Just realised my goal of a blog-a-month has passed, with May being non-existant in terms of content. June is well and truly here (you’d never know it from the skies) so I thought I’d bang something brief together about the speakers I use.

Loudspeakers are always an emotive subject. Audiophiles, mixers, musicians: they all have their own favourites. And will fight to the verbal death to defend the make and model which floats their own auditory canal. Speakers are like cars – not just because they are potential pub talk – but because we get to know speakers (much like cars). We understand the frequency response (driving characteristics?), we appreciate the look (the curve of the bonnet?), we know how hard to push them (handling?), and we know what they excel at best (city car or load lugger?).

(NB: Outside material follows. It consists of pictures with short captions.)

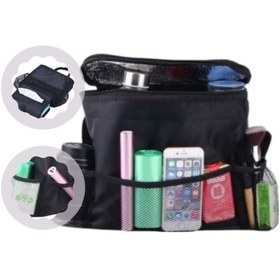 Resim Araç Içi Sıcak Tutucu Termos Organizer Araba Koltuk Arkası Soğuk Eşya Düzenleyici 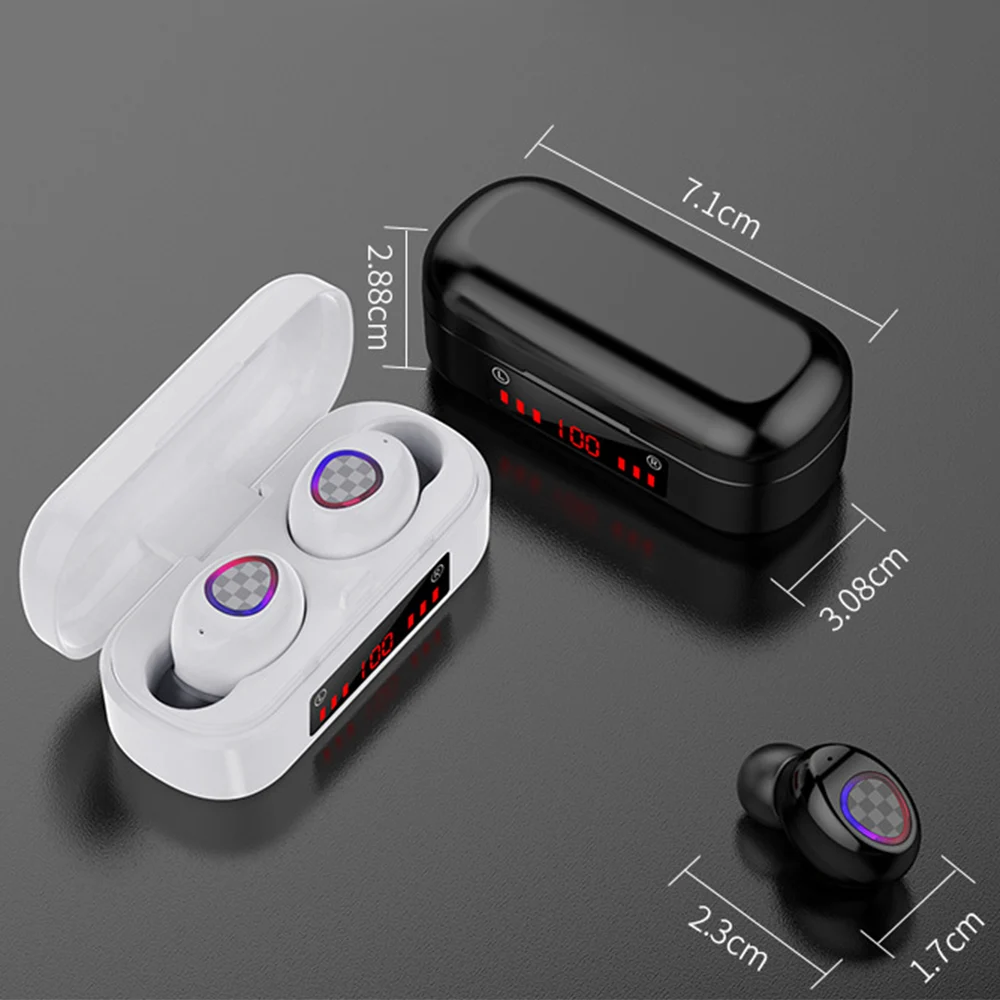Free Shipping 1 Sample OK IPX6 TWS Earphone 5.0 Touch Music Wireless Earphones Stereo Headphones Wireless Earbuds - ANKUX.COM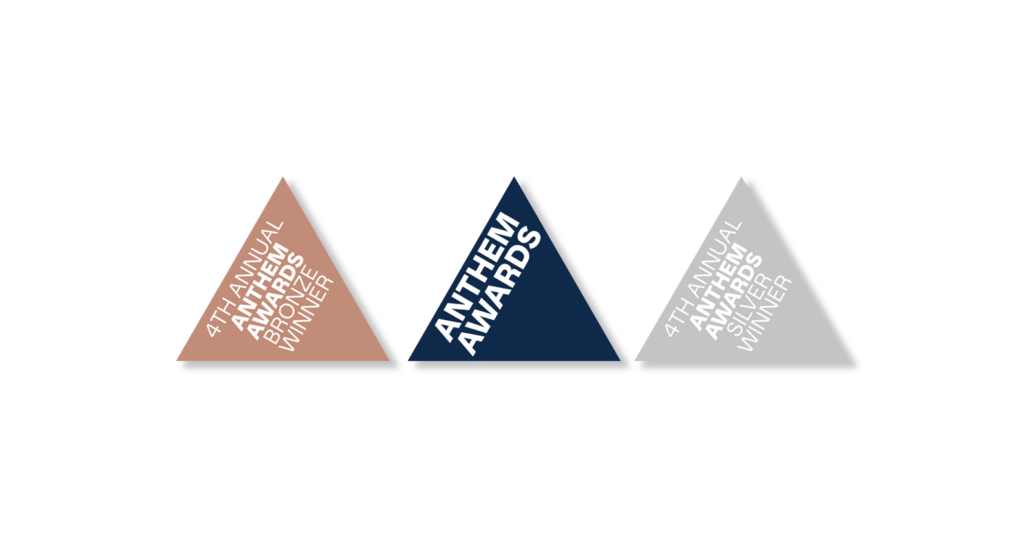 2024 Anthem Awards icons, for both silver and bronze winners.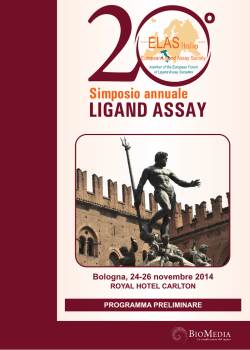 Programma Preliminare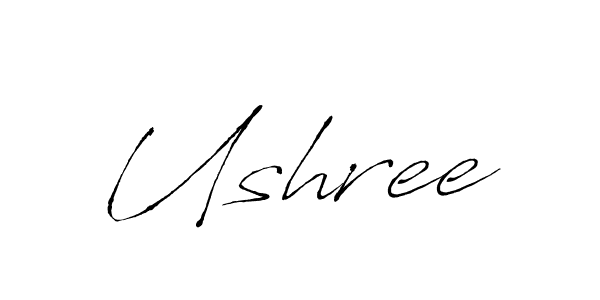 Ushree stylish signature style. Best Handwritten Sign (Antro_Vectra) for my name. Handwritten Signature Collection Ideas for my name Ushree. Ushree signature style 6 images and pictures png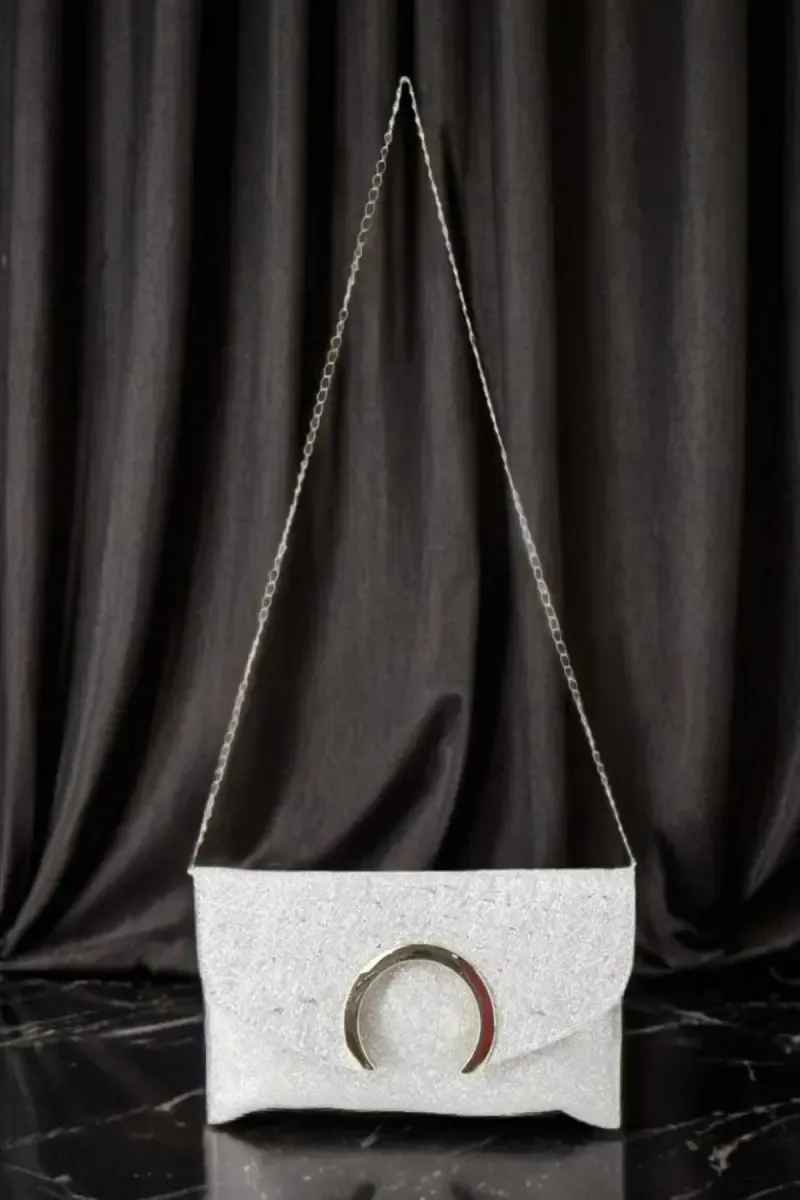 Glitter Shade Casual Sling Bag for Girls 013047SIL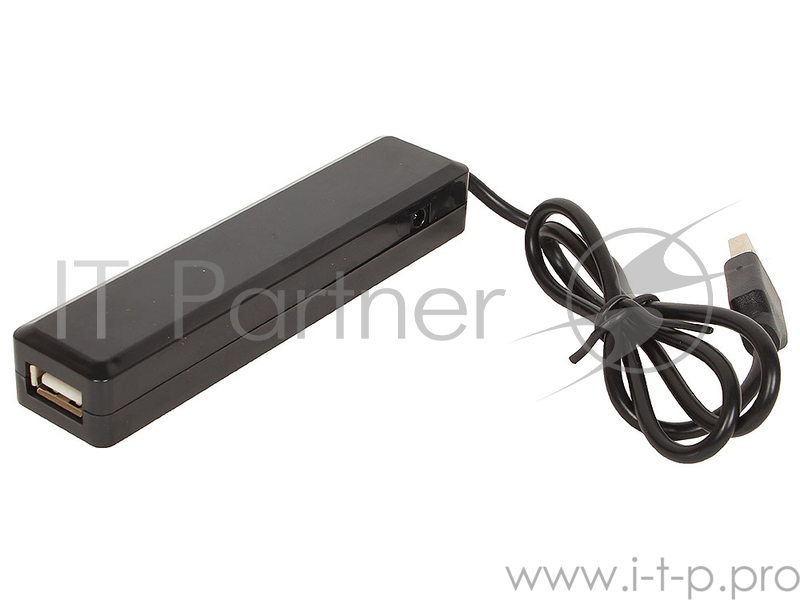 Концентратор USB 2.0 ORIENT KE-720, USB 2.0 HUB 7 Ports, c блоком питания-зарядником 1xUSB (5В, 1А),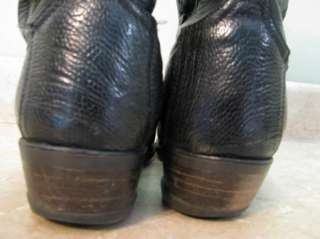 TONY LAMA Ostrich & Os.Leg COWBOY BOOTS Black 10 D  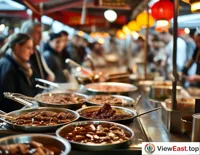  In the winter of Beijing, a street vendor pushes a cart with liver stir-fry that emits an inviting steam.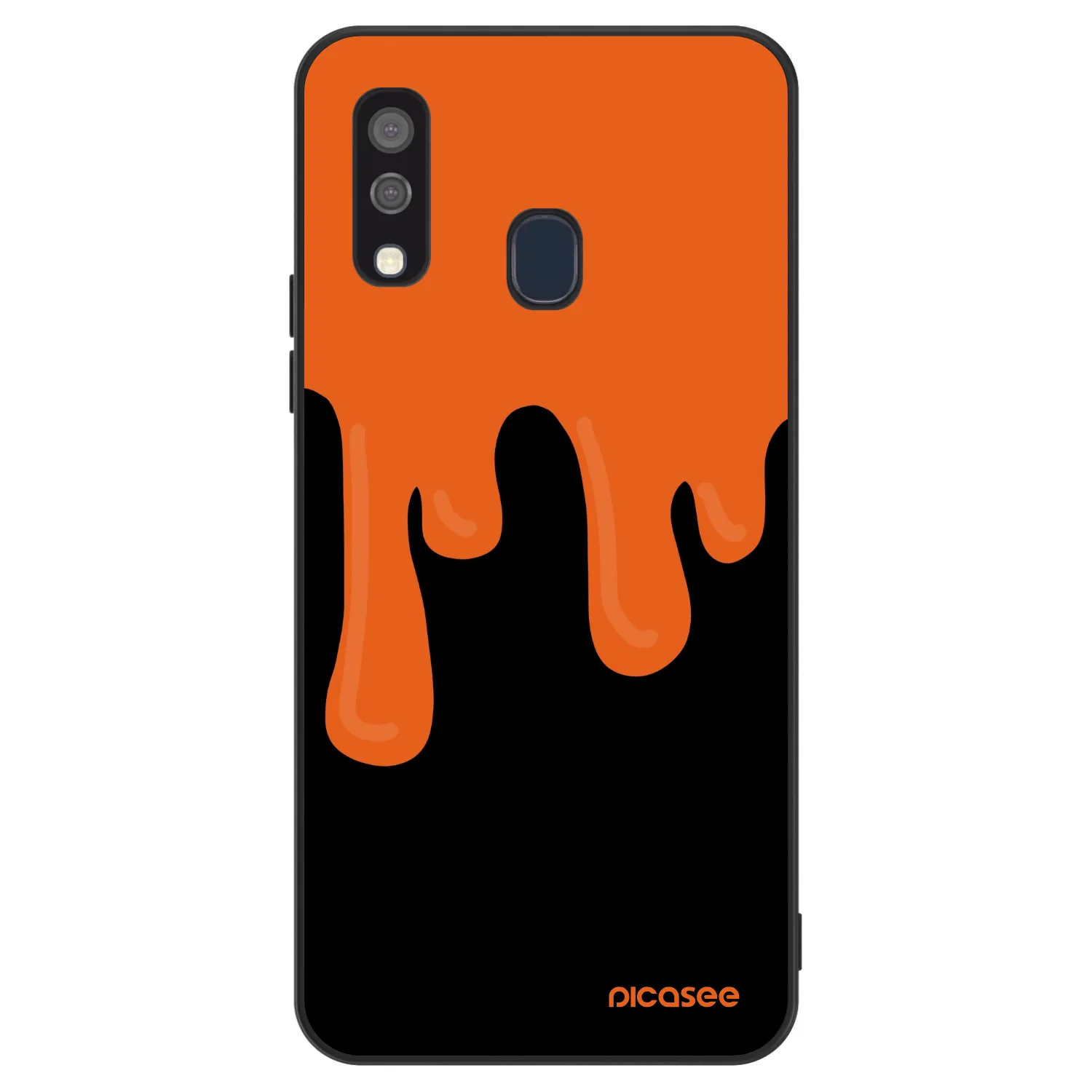 Picasee ULTIMATE CASE für Samsung Galaxy A40 A405F - Orange spooky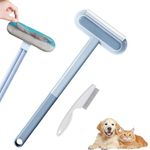 Roshoitle Cat Dog Hair Remover, Reusable Cleaning Brush, Portable Carpet Scraper, Excellent Rake Brush for Furniture, Sofas, Carpets, Clothing, Bedding and Other Textiles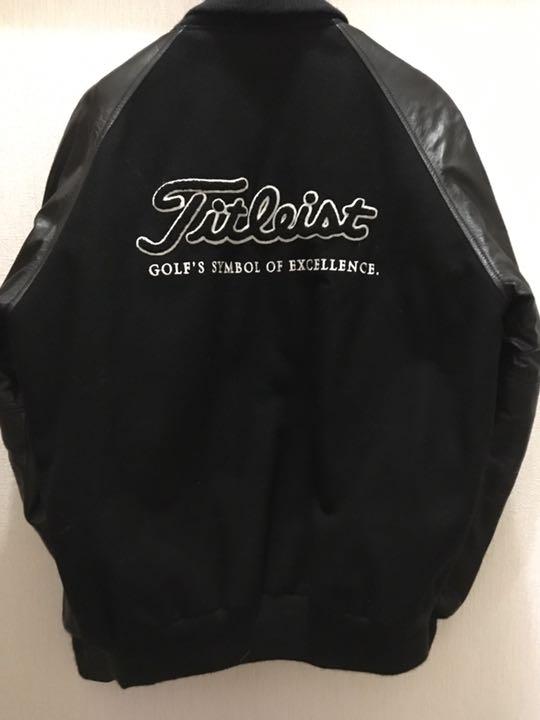 ☆Titleist タイトリスト本革 袖革 スタジャン ジャンパー L. ☆Titleist タイトリスト本革 袖革 スタジャン ジャンパー L.
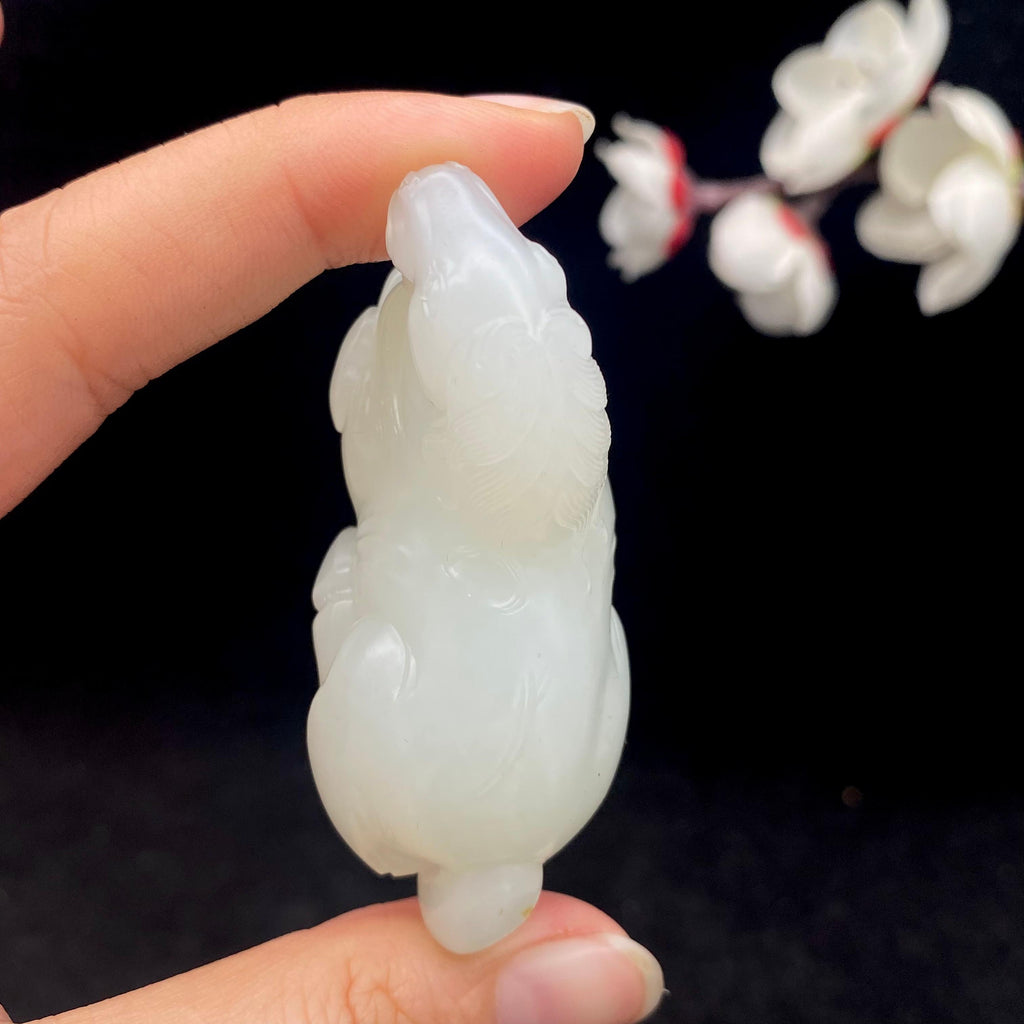 和田玉白玉籽料【马到成功】（64.2g）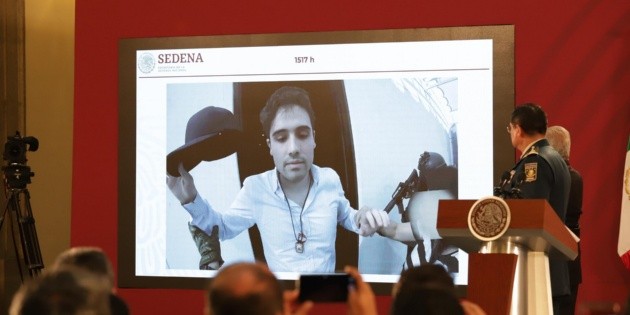 Difunden video sobre captura de Ovidio Guzm&aacute;n en Culiac&aacute;n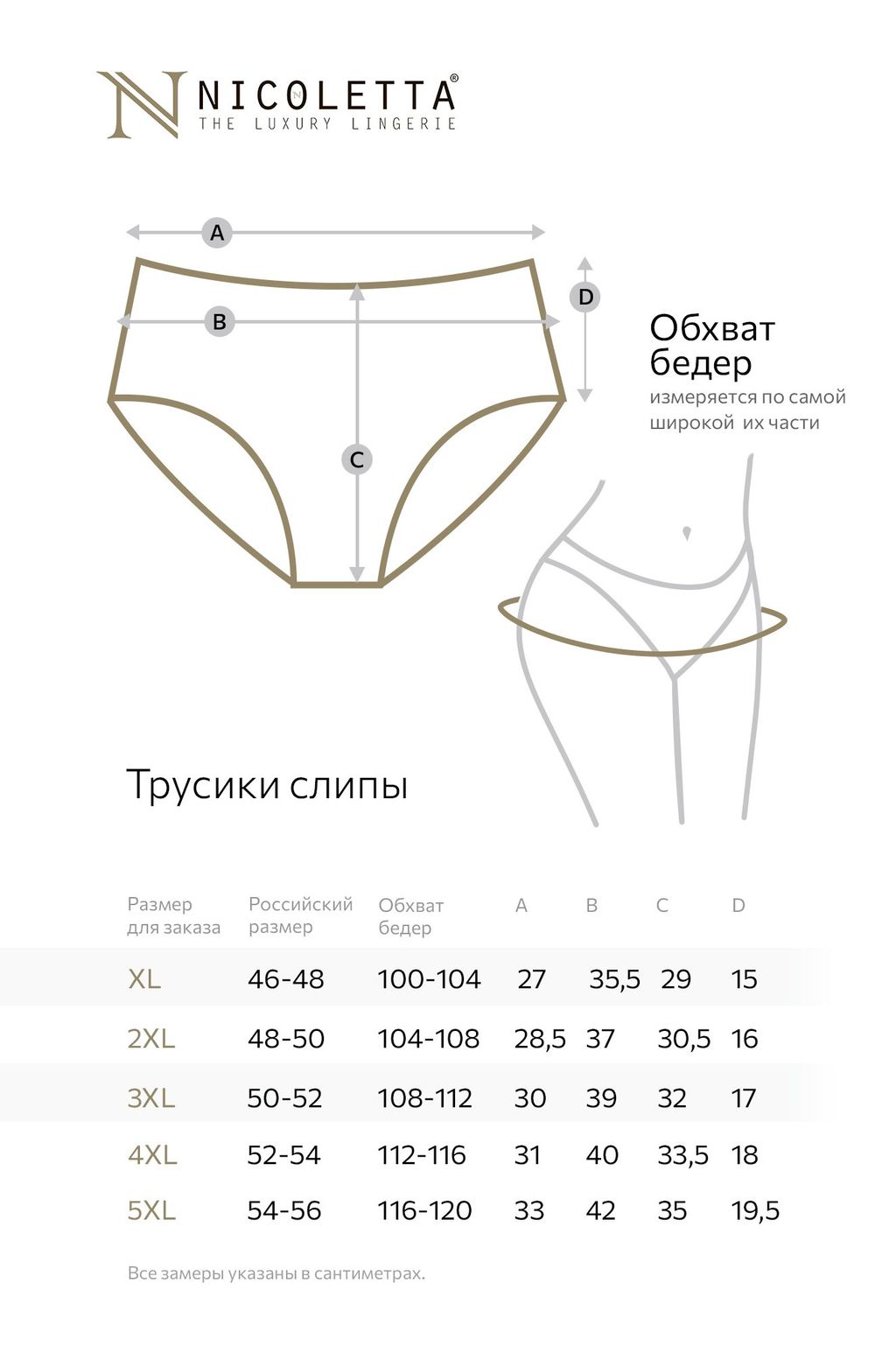 Женские трусы-слипы с высокой посадкой Nicoletta  фото 3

I’ve listened to a fair few speakers in my time (here’s a small selection):

  • Those ‘no-brand’ biege ones you used to get with IBM computers: OK if you turned up the treble, right?
  • Tannoy Westminsters in my local music recording studio: lovely, big and warm sounding.
  • The Yamaha NS10‘s in the same studio – OMG, what’s that flat sound?
  • Home made hi-fi boxes with 2-way Morel drivers: I thought they were amazing, but then I did build them….
  • Shermann Audio touring arrays: use 2 for my bands PA – they are very crispy.
  • Huge 3-way JBL screen arrays in cinemas: close to a hifi sound from a horn loaded enclosure.

The last speakers mentioned are probably those I’ve listened to most from my thirteen years as a sound consultant at Dolby Laboratories, setting up cinemas and film mixing theatres all over the world. I’m referring to horn-loaded systems in general, not just the JBL brand: Martin Audio, Altec, KCS, etc. Horn-loaded HF systems have been used in cinema playback systems for many years, and the smooth response in the 2kHz and upwards range always impressed me, especially in the latest systems. During my time at Dolby I also setup studios with dome tweeters and I could never get the smooth response I really desired and had heard in the cinema.

That is until I came across Adam loudspeakers. I first demo’d the A7’s at a studio in Denmark. I was immediately taken by the smoothness in the the all important upper frequencies of the dialogue spectrum – this was what I’d been looking for and they seemed to closely resemble the response of the best horn-loaded cinema speaker systems. And all this from a near-field speaker with a very small footprint – with ‘foot’ being the operative word!

I started using the A7’s when I set up my own sound studio, quickly moving onto a complete 5.1 setup of Adam’s. I did experiments between the studio and local cinema in order to best set up the speakers in their environment from both a level and equalisation stand point. The first feature film mix I did on them bore out the capabilities of these speakers. The dialogue I’d mixed in my small studio translated beautifully into the cinema environment with little ‘pre-emphasis’. This is important as I didn’t want to have to over or under-do anything in my own studio in order to have good playback in the cinema environment. I needed my small studio to be faithful to a larger cinema space and it’s systems.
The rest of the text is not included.